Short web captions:
_ _ _ _ _
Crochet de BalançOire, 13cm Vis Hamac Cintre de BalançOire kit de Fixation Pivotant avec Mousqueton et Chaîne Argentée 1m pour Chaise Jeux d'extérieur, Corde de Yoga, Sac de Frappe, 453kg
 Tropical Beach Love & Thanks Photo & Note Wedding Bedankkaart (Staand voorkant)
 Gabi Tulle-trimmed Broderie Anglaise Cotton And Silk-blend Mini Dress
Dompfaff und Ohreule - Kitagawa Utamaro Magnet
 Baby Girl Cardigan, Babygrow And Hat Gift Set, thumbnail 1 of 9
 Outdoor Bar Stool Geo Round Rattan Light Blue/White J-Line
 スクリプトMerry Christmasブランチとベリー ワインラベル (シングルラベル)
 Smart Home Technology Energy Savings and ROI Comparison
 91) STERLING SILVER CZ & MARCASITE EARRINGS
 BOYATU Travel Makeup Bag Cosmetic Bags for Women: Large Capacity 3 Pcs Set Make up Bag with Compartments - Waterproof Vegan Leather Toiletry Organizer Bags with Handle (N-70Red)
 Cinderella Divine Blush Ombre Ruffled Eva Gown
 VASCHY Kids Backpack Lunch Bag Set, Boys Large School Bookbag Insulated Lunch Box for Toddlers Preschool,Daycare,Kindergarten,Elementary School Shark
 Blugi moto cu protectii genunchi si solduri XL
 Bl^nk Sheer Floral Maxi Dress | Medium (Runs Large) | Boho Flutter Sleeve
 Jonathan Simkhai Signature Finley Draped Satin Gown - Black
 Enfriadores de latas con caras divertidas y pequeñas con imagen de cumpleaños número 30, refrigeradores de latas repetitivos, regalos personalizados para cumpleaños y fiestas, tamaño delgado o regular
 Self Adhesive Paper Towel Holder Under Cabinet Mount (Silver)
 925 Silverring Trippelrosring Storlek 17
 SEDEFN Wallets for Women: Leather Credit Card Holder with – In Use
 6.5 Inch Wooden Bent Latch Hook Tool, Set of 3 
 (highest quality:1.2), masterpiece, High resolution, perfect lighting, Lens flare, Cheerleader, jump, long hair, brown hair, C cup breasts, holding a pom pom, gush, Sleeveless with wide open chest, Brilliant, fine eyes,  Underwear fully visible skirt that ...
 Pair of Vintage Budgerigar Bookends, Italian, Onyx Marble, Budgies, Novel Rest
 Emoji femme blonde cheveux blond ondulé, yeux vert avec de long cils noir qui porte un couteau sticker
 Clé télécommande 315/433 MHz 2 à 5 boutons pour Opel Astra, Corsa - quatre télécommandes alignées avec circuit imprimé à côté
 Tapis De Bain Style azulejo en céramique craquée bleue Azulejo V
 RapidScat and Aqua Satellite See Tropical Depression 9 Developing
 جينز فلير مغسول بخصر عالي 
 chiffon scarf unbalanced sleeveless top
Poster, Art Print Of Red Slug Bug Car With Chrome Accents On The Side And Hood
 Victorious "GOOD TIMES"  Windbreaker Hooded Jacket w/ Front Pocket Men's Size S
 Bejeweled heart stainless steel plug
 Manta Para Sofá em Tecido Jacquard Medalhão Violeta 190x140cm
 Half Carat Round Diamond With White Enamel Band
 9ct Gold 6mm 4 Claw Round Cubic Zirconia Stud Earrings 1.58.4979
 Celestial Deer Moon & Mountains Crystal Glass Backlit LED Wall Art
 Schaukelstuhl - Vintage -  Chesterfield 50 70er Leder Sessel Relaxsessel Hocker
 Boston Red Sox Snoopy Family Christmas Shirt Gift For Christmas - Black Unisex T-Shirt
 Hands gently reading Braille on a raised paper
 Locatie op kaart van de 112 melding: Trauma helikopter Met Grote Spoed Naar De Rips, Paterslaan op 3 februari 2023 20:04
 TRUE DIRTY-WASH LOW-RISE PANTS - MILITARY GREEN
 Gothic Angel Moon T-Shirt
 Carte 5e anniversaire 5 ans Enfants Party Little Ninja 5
_ _ _ _ _
Directions for this task: Write every entry out again. Leave each one exactly as it is.

Solution for this problem:
Crochet de BalançOire, 13cm Vis Hamac Cintre de BalançOire kit de Fixation Pivotant avec Mousqueton et Chaîne Argentée 1m pour Chaise Jeux d'extérieur, Corde de Yoga, Sac de Frappe, 453kg
 Tropical Beach Love & Thanks Photo & Note Wedding Bedankkaart (Staand voorkant)
 Gabi Tulle-trimmed Broderie Anglaise Cotton And Silk-blend Mini Dress
Dompfaff und Ohreule - Kitagawa Utamaro Magnet
 Baby Girl Cardigan, Babygrow And Hat Gift Set, thumbnail 1 of 9
 Outdoor Bar Stool Geo Round Rattan Light Blue/White J-Line
 スクリプトMerry Christmasブランチとベリー ワインラベル (シングルラベル)
 Smart Home Technology Energy Savings and ROI Comparison
 91) STERLING SILVER CZ & MARCASITE EARRINGS
 BOYATU Travel Makeup Bag Cosmetic Bags for Women: Large Capacity 3 Pcs Set Make up Bag with Compartments - Waterproof Vegan Leather Toiletry Organizer Bags with Handle (N-70Red)
 Cinderella Divine Blush Ombre Ruffled Eva Gown
 VASCHY Kids Backpack Lunch Bag Set, Boys Large School Bookbag Insulated Lunch Box for Toddlers Preschool,Daycare,Kindergarten,Elementary School Shark
 Blugi moto cu protectii genunchi si solduri XL
 Bl^nk Sheer Floral Maxi Dress | Medium (Runs Large) | Boho Flutter Sleeve
 Jonathan Simkhai Signature Finley Draped Satin Gown - Black
 Enfriadores de latas con caras divertidas y pequeñas con imagen de cumpleaños número 30, refrigeradores de latas repetitivos, regalos personalizados para cumpleaños y fiestas, tamaño delgado o regular
 Self Adhesive Paper Towel Holder Under Cabinet Mount (Silver)
 925 Silverring Trippelrosring Storlek 17
 SEDEFN Wallets for Women: Leather Credit Card Holder with – In Use
 6.5 Inch Wooden Bent Latch Hook Tool, Set of 3 
 (highest quality:1.2), masterpiece, High resolution, perfect lighting, Lens flare, Cheerleader, jump, long hair, brown hair, C cup breasts, holding a pom pom, gush, Sleeveless with wide open chest, Brilliant, fine eyes,  Underwear fully visible skirt that ...
 Pair of Vintage Budgerigar Bookends, Italian, Onyx Marble, Budgies, Novel Rest
 Emoji femme blonde cheveux blond ondulé, yeux vert avec de long cils noir qui porte un couteau sticker
 Clé télécommande 315/433 MHz 2 à 5 boutons pour Opel Astra, Corsa - quatre télécommandes alignées avec circuit imprimé à côté
 Tapis De Bain Style azulejo en céramique craquée bleue Azulejo V
 RapidScat and Aqua Satellite See Tropical Depression 9 Developing
 جينز فلير مغسول بخصر عالي 
 chiffon scarf unbalanced sleeveless top
Poster, Art Print Of Red Slug Bug Car With Chrome Accents On The Side And Hood
 Victorious "GOOD TIMES"  Windbreaker Hooded Jacket w/ Front Pocket Men's Size S
 Bejeweled heart stainless steel plug
 Manta Para Sofá em Tecido Jacquard Medalhão Violeta 190x140cm
 Half Carat Round Diamond With White Enamel Band
 9ct Gold 6mm 4 Claw Round Cubic Zirconia Stud Earrings 1.58.4979
 Celestial Deer Moon & Mountains Crystal Glass Backlit LED Wall Art
 Schaukelstuhl - Vintage -  Chesterfield 50 70er Leder Sessel Relaxsessel Hocker
 Boston Red Sox Snoopy Family Christmas Shirt Gift For Christmas - Black Unisex T-Shirt
 Hands gently reading Braille on a raised paper
 Locatie op kaart van de 112 melding: Trauma helikopter Met Grote Spoed Naar De Rips, Paterslaan op 3 februari 2023 20:04
 TRUE DIRTY-WASH LOW-RISE PANTS - MILITARY GREEN
 Gothic Angel Moon T-Shirt
 Carte 5e anniversaire 5 ans Enfants Party Little Ninja 5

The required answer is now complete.